Há um que discursa, por exemplo, contra a supressão de liberdade individuais, sem tentar porém explicar como a queda da arrecadação nos municípios e estados e o risco real de desemprego compensaria para algum administrador público uma suposta sanha antidemocrática. Não cita que medidas iguais são aplicadas em democracias do mundo todo e, na massa da crítica, usa qualquer argumento para mirar o STF, como se o tribunal tivesse amarrado as mãos do presidente diante do coronavírus e não fosse ele próprio o primeiro a boicotar medidas sanitárias.

Outro, escorado no poder evangélico, combina fatos com boatos e desejos para fazer a oposição a governadores com argumentos sólidos, mas embasando conclusões insípidas. Nesse raciocínio, a razão da suspensão de aulas seriam as escolas sucateadas – que de fato existem, mas isso é razão a mais para não retomar as atividades letivas em plena pandemia, certo?

Um terceiro, que inclui na pregação a utilização de tratamentos preventivos sem sustentação científica, faz papel de vivandeira que nunca se arrependeu da genuflexão à ditadura. A posição combina inclinação ideológica conservadora com a denúncia consistente de um sistema clubístico na esquerda, mas descamba para a intolerância com facilidade. Até o general vice-presidente posa mais facilmente de democrata.

Em mais um e último exemplo, há o que escora sua argumentação necessidade de um jornalismo de pegada positiva, que destaque o total de curados da pandemia, a tragédia ainda maior de outros países e a dificuldade de outras nações, até pior do que a brasileira, para obter vacinas. Além de tolas – por pedir destaque justamente ao que levaria os cidadãos a baixar a guarda diante do risco –, são comparações baseadas em um instantâneo que ignora tendências, realidades e principalmente atitudes de governo muito diferentes.

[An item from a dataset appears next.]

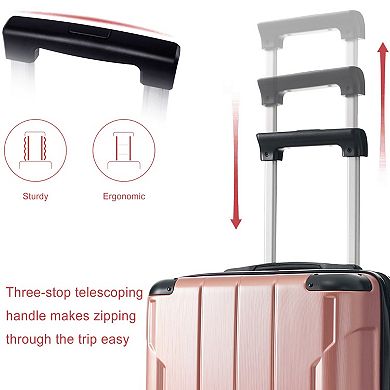 20 Inch Hardshell Carry-On Luggage with 2 Packing Cubes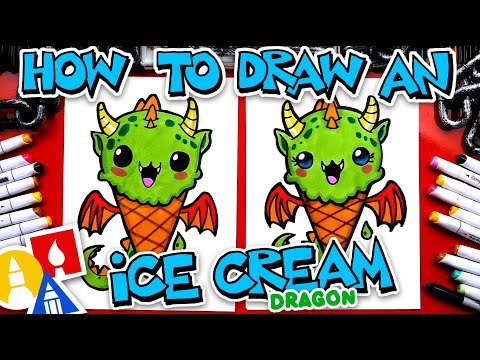 How To Draw An Ice Cream Dragon For Halloween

Países que têm a população idosa proporcionalmente muito maior que a brasileira contaram mais mortes por mil habitantes até agora. Mas lá os óbitos diminuíram nas últimas semanas, e aqui continuam crescendo. Do mesmo modo, populações bem menores que a brasileira podem chegar em dias a índices de vacinação que, infelizmente, só teremos ao longo de meses, se tanto. Por fim, a análise do total de curados divulgada pelo Ministério da Saúde, quando comparada com números de outros países, só faz suspeitar que é imensa a falta de testes no Brasil.

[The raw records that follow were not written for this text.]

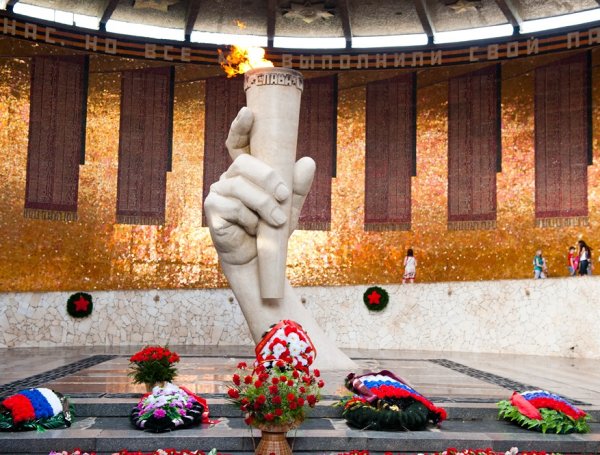 Зал воинской славы на Мамаевом Кургане в Волгограде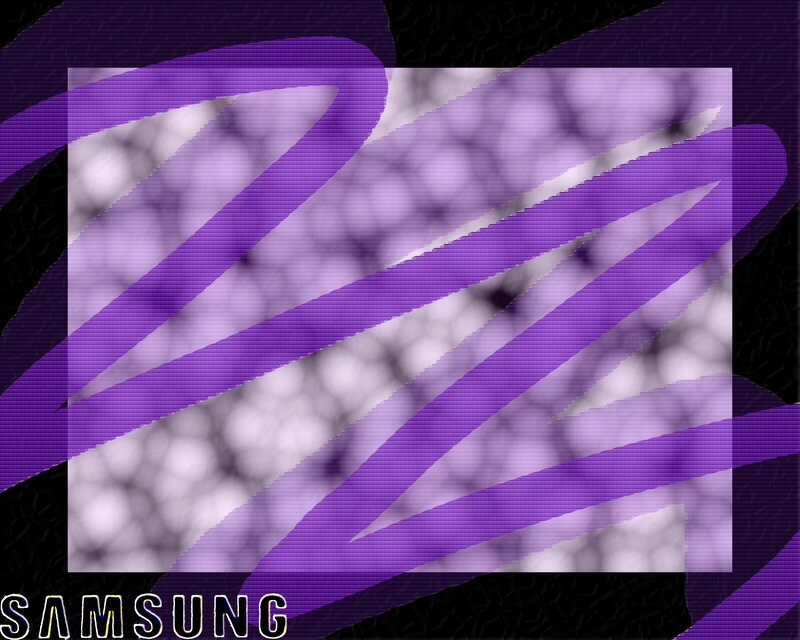 Abstract Purple Design — Dynamic, Digital Art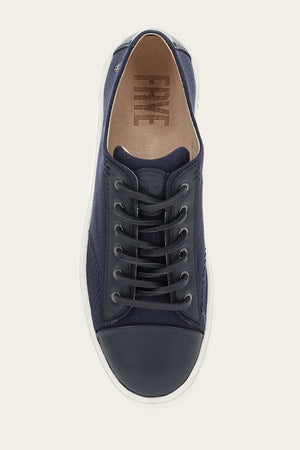 Ivy Canvas Low Lace - Navy - Top Down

Nesse rumo, advogados de defesa da gestão Bolsonaro vão se tornando sem constrangimento defensores da própria doença e, em consequência, também ativistas de uma causa em que o lado que tem a mais perder, em termos econômicos ou de saúde, continuará confinado na miséria mesmo depois da pandemia.

Grandes tragédias colocam as nações diante de oportunidades distintas. De um lado, esses momentos podem emular a prática da solidariedade, a repactuação de interesses e a organização de uma sociedade em novas bases, de princípios mais igualitários. Noutra ponta, catástrofes também podem estimular o acirramento do que há de pior no caráter humano, determinando o clima do salve-se quem puder.

As manifestações pró-Covid parecem indicar que uma parte considerável dos brasileiros prefere a segunda opção. Espera-se que continue em minoria.